We hold that this testimony, which the jury was entitled to believe, was sufficient to support plaintiff's allegations that his earning capacity had been permanently impaired and the submission of that question to the jury.

In the ordinary case, and as a general rule, evidence that a plaintiff has sustained a permanent injury is sufficient to entitle him to submit to the jury the question whether there has been an impairment of his future earning capacity. Holder v. Petty, 267 Or. 94, 99, 514 P.2d 1105 (1973). See also Smith v. Jacobsen, 224 Or. 627, 638, 356 P.2d 421 (1960).

The case of Creel v. Shadley, 266 Or. 494, 513 P.2d 755 (1973), relied upon by defendants, represents an exception to that rule. In that case we held that the loss of some teeth, replaced by partial plates, did not interfere with plaintiff's earning capacity in the work in which he was engaged.

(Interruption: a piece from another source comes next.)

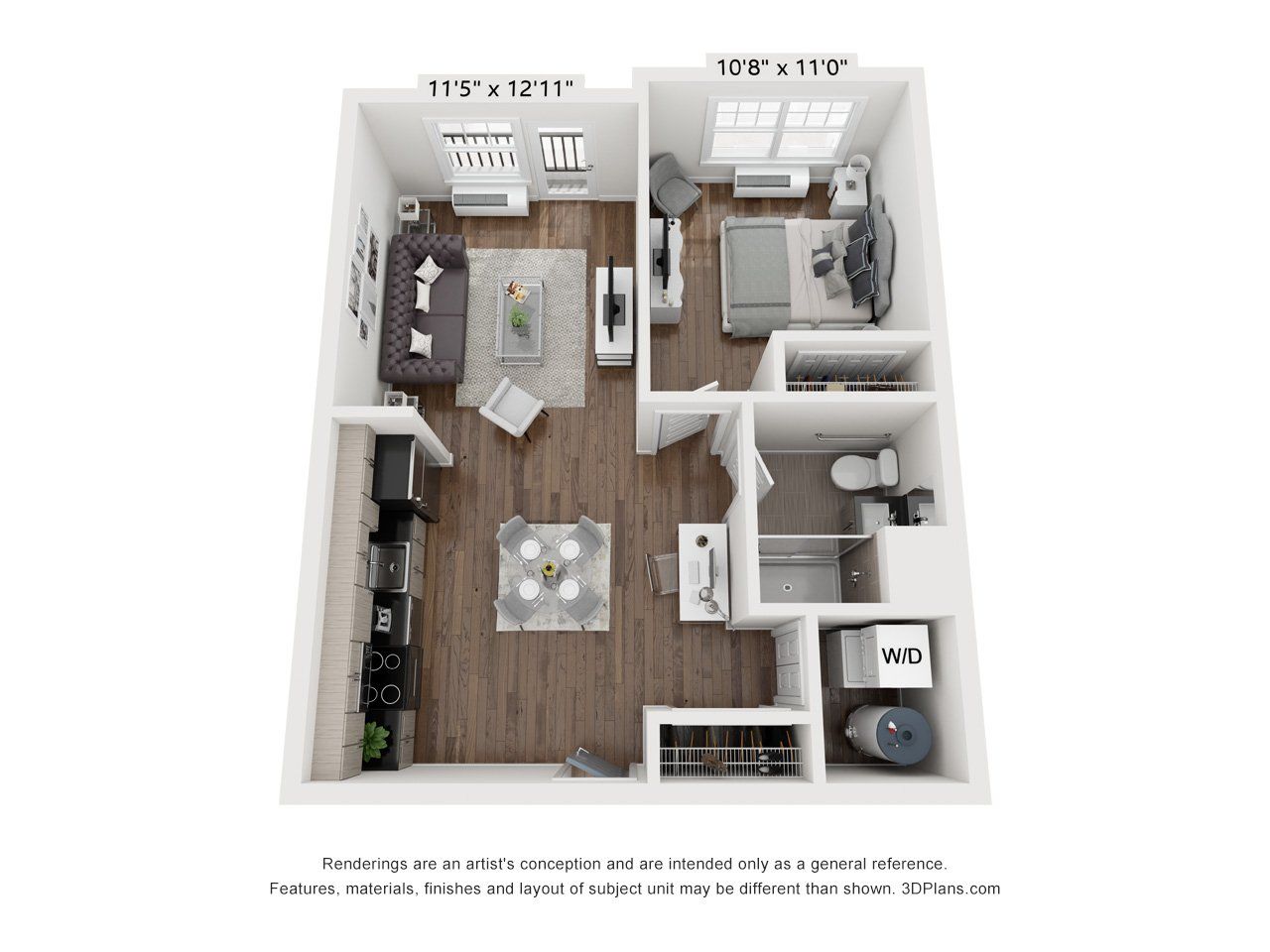 Meridia Lifestyles II Floorplans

Defendants' contentions that impairment of earning capacity must be shown "with reasonable certainty" and must be supported by evidence from which the jury may "arrive at a pecuniary value of the loss" have been expressly rejected by this court. Thus, in Conachan v. Williams, 266 Or. 45, 64, 511 P.2d 392, 401 (1973), we said:

"* * * [T]he evidence required to support a claim for impairment of earning capacity need not be `capable of exact monetary computation' and any evidence which would `indicate fairly the capacity of the plaintiff to earn money in his usual vocation' should be admitted."

See also authorities cited therein at 266 Or. 59-60,[1] 511 P.2d.

Applying that rule, we held in Holder v. Petty, supra 267 Or. at 100-01, 514 P.2d 1105, that a six-year-old boy with a permanent back injury was entitled to have the issue of impairment of earning capacity submitted to the jury, recognizing that the issue is that of future earning capacity, not loss of past earnings. See also Porter v. Headings, 270 Or. 281, 527 P.2d 403 (1974).

In our judgment, the evidence in this case was sufficient to entitle plaintiff to have the question of impairment of future earning capacity submitted to the jury and the trial court did not err in doing so.

Defendants' final assignment of error is that the trial court erred in failing to strike from the complaint an allegation that plaintiff suffered a concussion to his head. Defendants say that there was no evidence to support that allegation. We disagree. Plaintiff testified that as a result of the accident he hit his head and *439 was knocked unconscious. Plaintiff's doctor testified that "the history of receiving a blow and being unconscious implies a concussion of some degree * * *." In view of this evidence the trial court did not err in refusing to strike this allegation.

Finding no error, the judgment of the trial court is affirmed.

NOTES

[*] HOLMAN, J., did not participate in this decision.

[1] Cases from other jurisdictions cited by defendants, including Honeycutt v. Wabash Railroad Co., 313 S.W.2d 214 (Mo. App. 1958); Atlanta Metallic Casket Co. v. Hollingsworth, 107 Ga. App. 594, 131 S.E.2d 61 (1963); Hunt v. Williams, 104 Ga. App. 442, 122 S.E.2d 149 (1961); and Oregon-Washington R. & Nav. Co v. Branham, 259 F. 555 (9th Cir.1919), are not persuasive, in our opinion.